There's something eminently appealing about the way Renee Zellweger's circa 1953 New York City socialite dispenses with her philandering husband in the lovely little bit of nostalgia that is "My One and Only."
She tosses some clothes in a suitcase, pushes the other woman out the door just for good measure, cleans out the safety deposit box, pulls her sons out of prep school, as soon as she can figure out which one they're attending these days, and sets off on a grand adventure nestled in the cushy leather of a baby blue Coupe deVille.
No tears for Zellweger's Ann Devereaux, and not a hair in that perfect blond bob out of place, at least not yet.
Ann may not be the nurturing kind, but she's got a mother's instinct for self-preservation and she's determined to find a suitable replacement for her ex, a big-band leader smoothly played by Kevin Bacon, before the money runs out. That she's many years beyond her courting prime hasn't quite registered yet.

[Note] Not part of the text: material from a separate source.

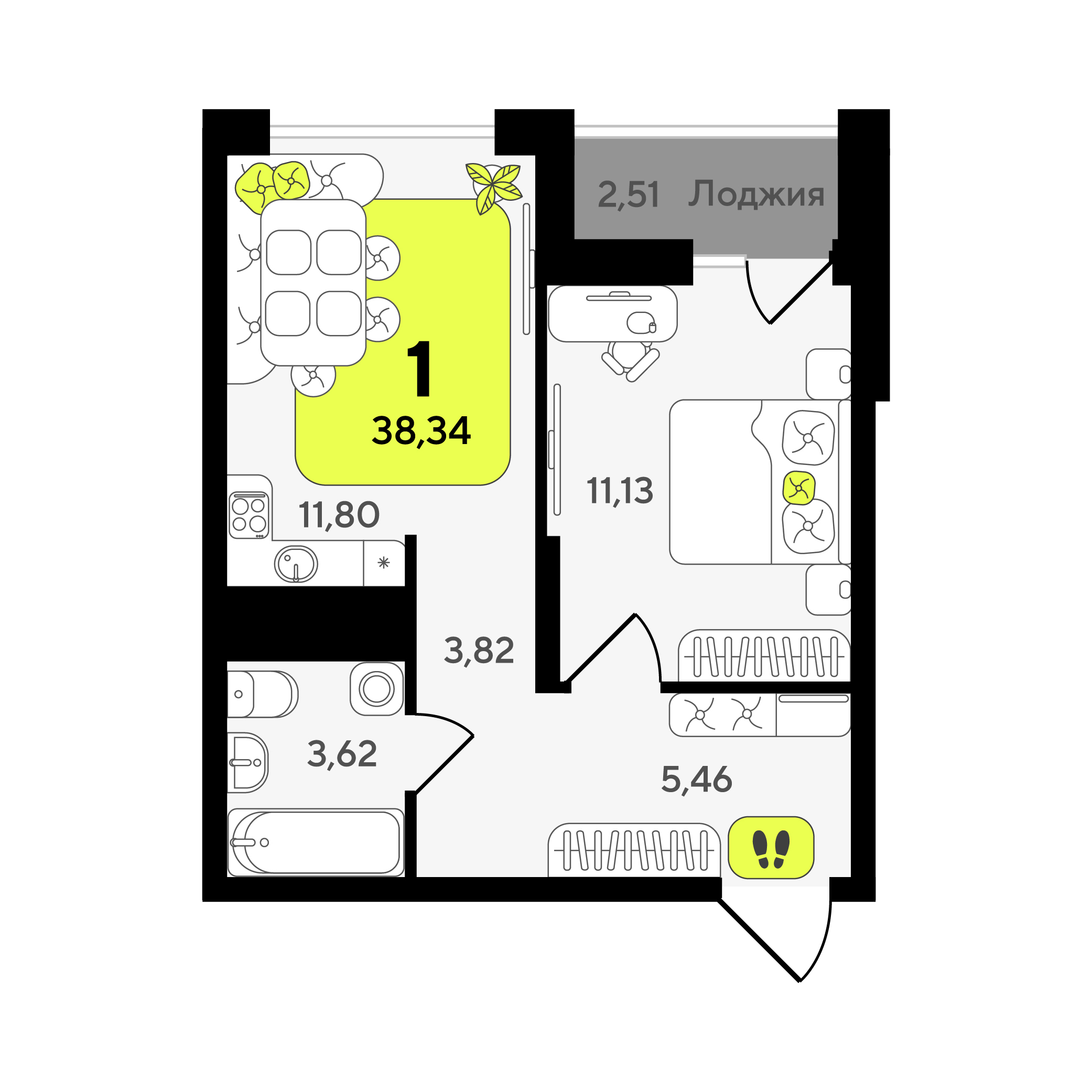 Планировка: 1-комнатная 38.3 м² в ЖК Окинава, 5-й Заречный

As 15-year-old George (Logan Lerman), behind the wheel for the first time in his life, glances in the rearview mirror, Ann looks over and says don't bother, it's only what's ahead of you that matters. It's Ann's philosophy of life as much as a driving tip for her son, and from the looks of it, George understands too, and with an "I give up" shrug, he turns the Caddy toward Philly.

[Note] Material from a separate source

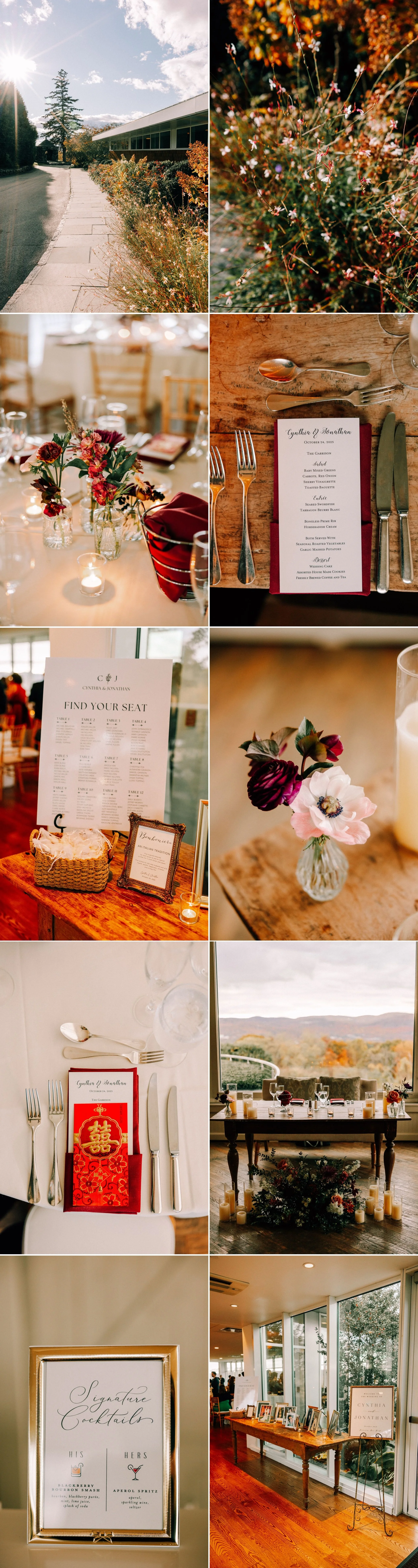  wedding cocktail hour details at the garrison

In British director Richard Loncraine's good hands, the film becomes a bittersweet excursion through the country at a time when you could still depend on the kindness of strangers. It's the people Ann knows who turn out to be the problem. There are the many old beaus she looks up along the way -- the Army doctor played by Chris Noth, Eric McCormack's rich Pittsburgh playboy, among others -- and her homely older sister (Robin Weigert) who's still bitter after all these years.
At the beginning, she breezes through the men and the cliches they represent as she always has. There are a lot of them, mostly forgettable, and it is here that the film threatens to lose its way.

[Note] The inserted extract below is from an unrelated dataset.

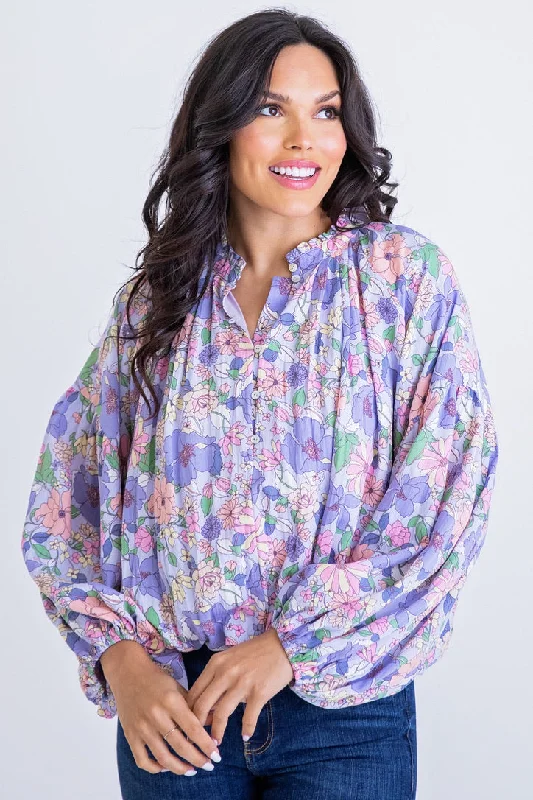 Floral Vneck Button Top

Nick Stahl's Bud, a Brando-esque neighbor who haunts the Pittsburgh stop, is the one you wish would be there awhile longer. But Ann moves on, and it is left to the scenes between mother and sons to provide the film's saving grace, and for the most part they do.
As is so often the case, this road trip is as much about the journey as the final destination. Ann, who has always left the details of life to the men or the staff, has to figure out if she can be just as resourceful without them. Robbie (Mark Rendall) is her sensitive older son, always in the school play or doing needlepoint in the back seat as they drive. He is the one she knows she has to protect the most, though the word "gay" is never spoken.
Meanwhile, George, especially well-played by Lerman, is hard at work on his teenage cynicism, a copy of Salinger's "The Catcher in the Rye" never far from his side. He fancies himself a writer and wants only to be back in the intellectual embrace of New York with the father he thinks he knows. Lerman captures the ease with which an angry teen will use a growing vocabulary to wound a parent, with Zellweger absorbing the blows with resignation and a rueful drag on her cigarette. (George, by the way, and the film itself are loosely based on actor George Hamilton and his memories of that time in his life -- a fact the filmmakers note ever so slightly).
The 1950s suit Zellweger, as does the film. A good thing for the actress, who either slips seamlessly into the space created for her, as she did with Bridget Jones or "Chicago's" Roxie Hart, or she shows up on the doorstep like someone who's come to the wrong address, as was the case in "Leatherheads." In "My One and Only," she looks completely at home as a fading beauty in pencil skirts and pillbox hats, blood-red lipstick forever being freshened. Creating a smoke screen of class and sensuality, the actress treats the drama and desperation of Ann's life like a wayward curl she is forever trying to tamp down.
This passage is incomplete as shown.